Compression falls into two categories: lossless and lossy. Lossless compression guarantees perfect reconstruction of the original data—essential for source code, databases, and executables. Lossy compression sacrifices some fidelity for dramatically better compression ratios, making it ideal for media where human perception can’t detect the difference.

Understanding these algorithms isn’t just academic. Choosing the wrong compression strategy can tank your application’s performance or balloon your infrastructure costs.

Lossless Compression Fundamentals

All lossless compression exploits one principle: redundancy. Data rarely uses all possible bit patterns with equal frequency. Entropy encoding assigns shorter codes to frequent symbols and longer codes to rare ones.

Huffman coding builds a binary tree where frequent symbols sit near the root (short paths) and rare symbols sit deeper (long paths). It’s optimal for symbol-by-symbol encoding and forms the backbone of many compression formats.

import heapq
from collections import Counter
from typing import Dict, Tuple, Optional

class HuffmanNode:
    def __init__(self, char: Optional[str], freq: int):
        self.char = char
        self.freq = freq
        self.left: Optional[HuffmanNode] = None
        self.right: Optional[HuffmanNode] = None
    
    def __lt__(self, other):
        return self.freq < other.freq

def build_huffman_tree(text: str) -> HuffmanNode:
    frequency = Counter(text)
    heap = [HuffmanNode(char, freq) for char, freq in frequency.items()]
    heapq.heapify(heap)
    
    while len(heap) > 1:
        left = heapq.heappop(heap)
        right = heapq.heappop(heap)
        merged = HuffmanNode(None, left.freq + right.freq)
        merged.left = left
        merged.right = right
        heapq.heappush(heap, merged)
    
    return heap[0]

def build_codes(node: HuffmanNode, prefix: str = "", codes: Dict[str, str] = None) -> Dict[str, str]:
    if codes is None:
        codes = {}
    
    if node.char is not None:
        codes[node.char] = prefix or "0"
    else:
        if node.left:
            build_codes(node.left, prefix + "0", codes)
        if node.right:
            build_codes(node.right, prefix + "1", codes)
    
    return codes

def huffman_encode(text: str) -> Tuple[str, HuffmanNode]:
    tree = build_huffman_tree(text)
    codes = build_codes(tree)
    encoded = "".join(codes[char] for char in text)
    return encoded, tree

def huffman_decode(encoded: str, tree: HuffmanNode) -> str:
    decoded = []
    node = tree
    
    for bit in encoded:
        node = node.left if bit == "0" else node.right
        if node.char is not None:
            decoded.append(node.char)
            node = tree
    
    return "".join(decoded)

# Example usage
text = "abracadabra"
encoded, tree = huffman_encode(text)
decoded = huffman_decode(encoded, tree)
print(f"Original: {text} ({len(text) * 8} bits)")
print(f"Encoded: {encoded} ({len(encoded)} bits)")
print(f"Compression ratio: {len(text) * 8 / len(encoded):.2f}x")

Arithmetic coding goes further by encoding entire messages as a single fractional number, achieving compression closer to the theoretical entropy limit.
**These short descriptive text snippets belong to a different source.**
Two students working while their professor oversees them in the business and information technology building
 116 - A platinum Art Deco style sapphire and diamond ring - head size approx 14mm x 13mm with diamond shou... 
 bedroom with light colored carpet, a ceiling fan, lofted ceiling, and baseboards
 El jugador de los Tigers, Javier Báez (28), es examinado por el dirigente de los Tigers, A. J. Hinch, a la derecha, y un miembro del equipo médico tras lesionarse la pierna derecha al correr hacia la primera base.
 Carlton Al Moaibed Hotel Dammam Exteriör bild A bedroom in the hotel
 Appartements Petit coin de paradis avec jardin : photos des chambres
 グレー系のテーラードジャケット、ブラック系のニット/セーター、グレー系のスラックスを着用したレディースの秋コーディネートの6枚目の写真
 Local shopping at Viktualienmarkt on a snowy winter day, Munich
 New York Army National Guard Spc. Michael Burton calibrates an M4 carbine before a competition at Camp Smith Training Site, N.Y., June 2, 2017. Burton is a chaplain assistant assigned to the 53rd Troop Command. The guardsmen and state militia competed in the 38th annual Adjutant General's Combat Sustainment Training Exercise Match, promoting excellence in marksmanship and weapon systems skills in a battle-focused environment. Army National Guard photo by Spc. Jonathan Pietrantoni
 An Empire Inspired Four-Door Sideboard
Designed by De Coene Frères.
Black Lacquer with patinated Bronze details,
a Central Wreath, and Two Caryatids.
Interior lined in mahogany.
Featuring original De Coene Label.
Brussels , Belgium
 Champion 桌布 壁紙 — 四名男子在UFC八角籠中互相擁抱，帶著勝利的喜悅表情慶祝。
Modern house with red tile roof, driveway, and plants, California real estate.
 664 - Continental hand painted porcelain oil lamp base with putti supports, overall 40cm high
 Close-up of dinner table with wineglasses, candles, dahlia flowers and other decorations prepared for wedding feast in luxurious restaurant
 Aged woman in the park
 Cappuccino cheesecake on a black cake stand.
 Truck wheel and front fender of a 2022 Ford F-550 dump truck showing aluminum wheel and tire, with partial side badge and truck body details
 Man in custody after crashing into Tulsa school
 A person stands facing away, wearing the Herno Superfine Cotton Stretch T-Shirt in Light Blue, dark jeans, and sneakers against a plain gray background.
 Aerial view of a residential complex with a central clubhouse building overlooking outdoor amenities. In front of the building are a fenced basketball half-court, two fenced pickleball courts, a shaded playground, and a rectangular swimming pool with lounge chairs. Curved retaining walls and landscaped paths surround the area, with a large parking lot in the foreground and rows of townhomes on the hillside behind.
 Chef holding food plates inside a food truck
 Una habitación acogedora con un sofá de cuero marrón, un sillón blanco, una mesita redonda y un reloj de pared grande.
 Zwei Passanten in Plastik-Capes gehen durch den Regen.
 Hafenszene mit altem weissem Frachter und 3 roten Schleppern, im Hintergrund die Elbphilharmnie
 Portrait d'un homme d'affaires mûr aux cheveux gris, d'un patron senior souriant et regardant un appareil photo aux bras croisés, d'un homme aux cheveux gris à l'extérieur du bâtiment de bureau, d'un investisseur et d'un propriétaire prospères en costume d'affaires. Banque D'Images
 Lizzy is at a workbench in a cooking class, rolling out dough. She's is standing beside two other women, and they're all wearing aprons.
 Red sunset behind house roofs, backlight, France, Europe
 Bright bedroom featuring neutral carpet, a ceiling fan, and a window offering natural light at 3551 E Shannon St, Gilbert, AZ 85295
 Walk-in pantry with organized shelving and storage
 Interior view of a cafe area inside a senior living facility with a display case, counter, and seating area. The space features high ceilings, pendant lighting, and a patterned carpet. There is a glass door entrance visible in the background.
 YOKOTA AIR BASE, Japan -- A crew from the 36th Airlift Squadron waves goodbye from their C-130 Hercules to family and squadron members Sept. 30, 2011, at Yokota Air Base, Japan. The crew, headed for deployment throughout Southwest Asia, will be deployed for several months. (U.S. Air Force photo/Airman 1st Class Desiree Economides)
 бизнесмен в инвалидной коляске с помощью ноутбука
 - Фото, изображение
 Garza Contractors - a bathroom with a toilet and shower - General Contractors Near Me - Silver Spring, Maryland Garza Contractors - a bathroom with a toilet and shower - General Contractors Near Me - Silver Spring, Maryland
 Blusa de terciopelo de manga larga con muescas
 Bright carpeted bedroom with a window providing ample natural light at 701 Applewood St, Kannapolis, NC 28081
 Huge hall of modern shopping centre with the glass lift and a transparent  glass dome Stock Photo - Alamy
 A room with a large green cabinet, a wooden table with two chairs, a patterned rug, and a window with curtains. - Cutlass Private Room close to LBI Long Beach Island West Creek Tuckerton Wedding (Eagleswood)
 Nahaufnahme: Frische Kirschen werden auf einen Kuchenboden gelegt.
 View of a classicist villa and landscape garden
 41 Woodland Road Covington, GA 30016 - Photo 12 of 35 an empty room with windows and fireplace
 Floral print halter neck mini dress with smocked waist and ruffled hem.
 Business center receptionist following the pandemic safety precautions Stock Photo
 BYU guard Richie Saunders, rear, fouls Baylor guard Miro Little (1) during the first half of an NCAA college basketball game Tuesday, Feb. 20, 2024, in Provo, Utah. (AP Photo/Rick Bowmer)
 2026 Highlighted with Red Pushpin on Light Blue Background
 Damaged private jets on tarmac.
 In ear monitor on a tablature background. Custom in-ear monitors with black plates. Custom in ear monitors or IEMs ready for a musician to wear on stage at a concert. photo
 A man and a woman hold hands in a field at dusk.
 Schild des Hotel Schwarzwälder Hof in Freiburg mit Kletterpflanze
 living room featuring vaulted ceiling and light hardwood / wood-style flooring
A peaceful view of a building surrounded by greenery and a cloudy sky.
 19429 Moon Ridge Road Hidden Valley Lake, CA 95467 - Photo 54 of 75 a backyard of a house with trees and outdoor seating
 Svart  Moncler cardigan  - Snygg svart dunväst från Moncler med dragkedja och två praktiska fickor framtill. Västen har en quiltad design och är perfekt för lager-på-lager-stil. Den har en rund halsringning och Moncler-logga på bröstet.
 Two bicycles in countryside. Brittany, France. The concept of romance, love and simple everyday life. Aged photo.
It’s more complex to implement but used in modern formats like JPEG 2000 and H.265.

Dictionary-Based Compression (LZ Family)

While entropy encoding optimizes symbol frequencies, dictionary-based compression exploits repeated sequences. The LZ family of algorithms maintains a dictionary of previously seen patterns and replaces repetitions with references.

LZ77 uses a sliding window approach: it looks backward in the data stream for matches and encodes them as (offset, length) pairs. This simple idea powers gzip, deflate, and PNG compression.

from typing import List, Tuple, Union

Token = Tuple[int, int, str]  # (offset, length, next_char)

def lz77_compress(data: str, window_size: int = 256, lookahead_size: int = 16) -> List[Token]:
    tokens: List[Token] = []
    pos = 0
    
    while pos < len(data):
        best_offset = 0
        best_length = 0
        
        # Search window boundaries
        search_start = max(0, pos - window_size)
        search_end = pos
        
        # Find longest match in the search window
        for i in range(search_start, search_end):
            length = 0
            while (length < lookahead_size and 
                   pos + length < len(data) and 
                   data[i + length] == data[pos + length]):
                length += 1
                # Handle matches that extend into lookahead
                if i + length >= pos:
                    break
            
            if length > best_length:
                best_length = length
                best_offset = pos - i
        
        # Get next character after match
        next_char = data[pos + best_length] if pos + best_length < len(data) else ""
        tokens.append((best_offset, best_length, next_char))
        pos += best_length + 1
    
    return tokens

def lz77_decompress(tokens: List[Token]) -> str:
    result: List[str] = []
    
    for offset, length, next_char in tokens:
        if length > 0:
            start = len(result) - offset
            for i in range(length):
                result.append(result[start + i])
        if next_char:
            result.append(next_char)
    
    return "".join(result)

# Example
data = "abracadabra_abracadabra"
compressed = lz77_compress(data)
decompressed = lz77_decompress(compressed)

print(f"Original: {data}")
print(f"Tokens: {compressed}")
print(f"Decompressed: {decompressed}")
print(f"Token count: {len(compressed)} vs original length: {len(data)}")

LZW (used in GIF) builds its dictionary dynamically during compression, eliminating the need to transmit the dictionary separately. LZMA (used in 7-zip and xz) combines LZ77 with range coding for exceptional compression ratios.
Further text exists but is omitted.